Beyond NNGP: Large Deviations and Feature Learning in Bayesian Neural Networks
This work addresses the problem of understanding feature learning and posterior behavior in wide Bayesian neural networks beyond the NNGP limit for researchers in theoretical machine learning.
This paper investigates wide Bayesian neural networks, focusing on rare but statistically dominant fluctuations that drive posterior concentration, moving beyond Gaussian-process limits. It introduces large-deviation theory to derive explicit variational objectives (rate functions) for predictors, which capture non-Gaussian tails, posterior deformation, and data-dependent kernel selection, accurately describing finite-width behavior for moderately sized networks.

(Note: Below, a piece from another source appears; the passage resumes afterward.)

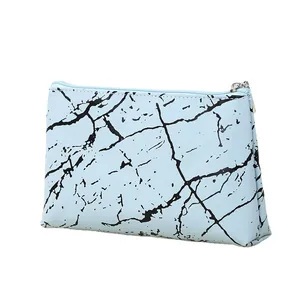 Trousse à maquillage portable en cuir PU bleu clair avec motif marbre noir et zip argent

We study wide Bayesian neural networks focusing on the rare but statistically dominant fluctuations that govern posterior concentration, beyond Gaussian-process limits. Large-deviation theory provides explicit variational objectives-rate functions-on predictors, providing an emerging notion of complexity and feature learning directly at the functional level. We show that the posterior output rate function is obtained by a joint optimization over predictors and internal kernels, in contrast with fixed-kernel (NNGP) theory. Numerical experiments demonstrate that the resulting predictions accurately describe finite-width behavior for moderately sized networks, capturing non-Gaussian tails, posterior deformation, and data-dependent kernel selection effects.